Hi SungJun,
Thanks for the cross-validation report.
This appears to be due to its NFA implementation combined with Context
> Absorption,
>
which discards redundant matching contexts when they reach the same NFA
> state
>
but start later in the input.
>
> Example:
>
> Ctx1 start=0 length=2
> Ctx2 start=1 length=1
>
> Ctx1 subsumes Ctx2, so Ctx2 is discarded.
>
> This keeps the number of active contexts small and prevents quadratic
> growth.
>
Your description is accurate. An earlier-started context subsumes
all matches of a later-started context (monotonicity principle),
so the newer one can be safely removed.
However, Context Absorption is not universally applicable. It
requires careful analysis of several factors, and we continue to
refine the conditions under which absorption can be safely applied.

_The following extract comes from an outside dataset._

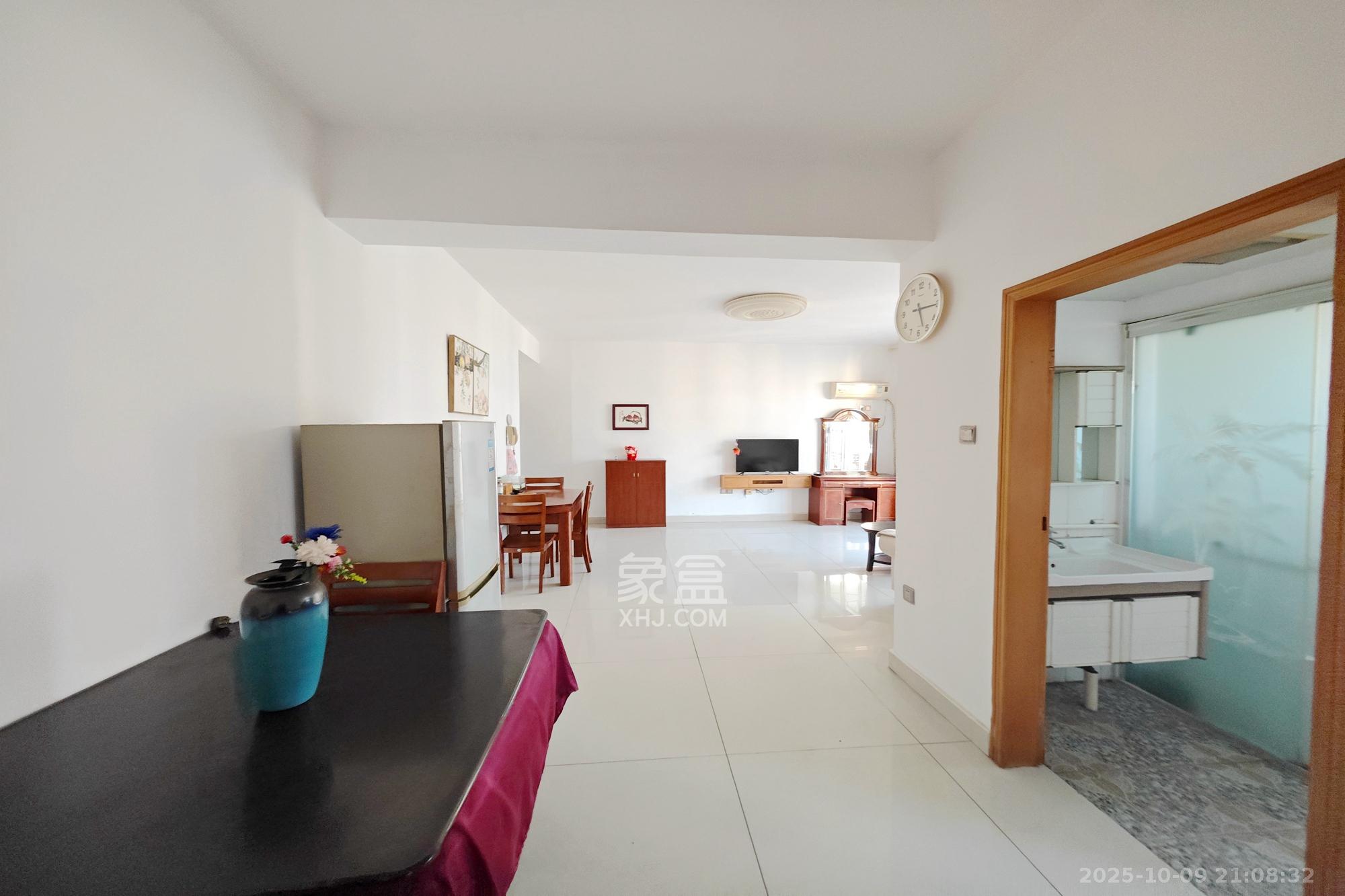 一心花苑  2室1厅1卫    83.0万客厅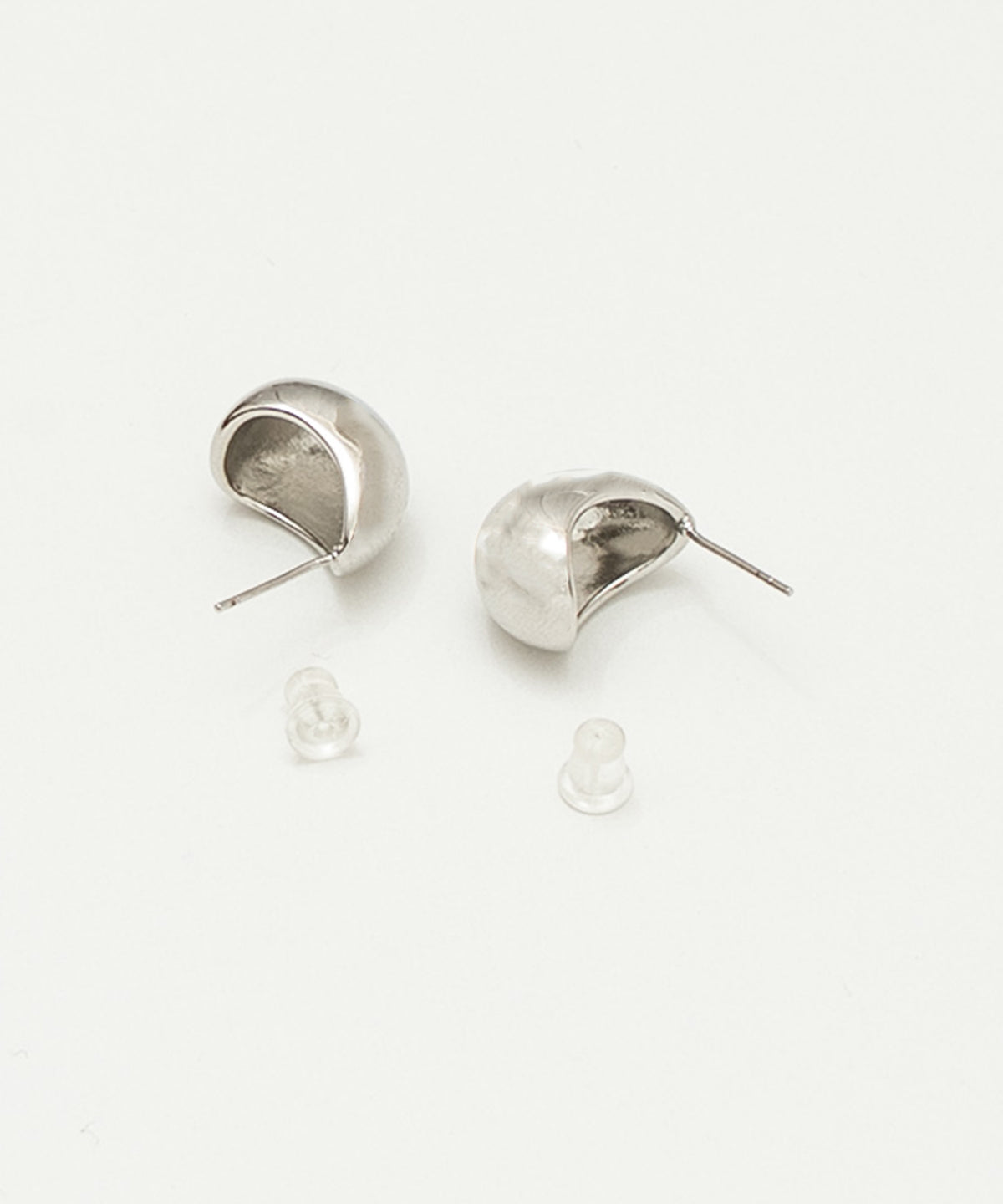 ボールドドームピアス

The current scope of absorption is determined by three factors:
1. Pattern structure:
Currently supported:
- Simple unbounded quantifiers: A+, (A B)+
- Leading unbounded quantifier in group: (A+ B)+
- First iteration of nested unbounded alternation (e.g., ((A+)|(B+))+)
Planned improvements:
- Patterns with a prefix before the repeating group (e.g., A (B+) C)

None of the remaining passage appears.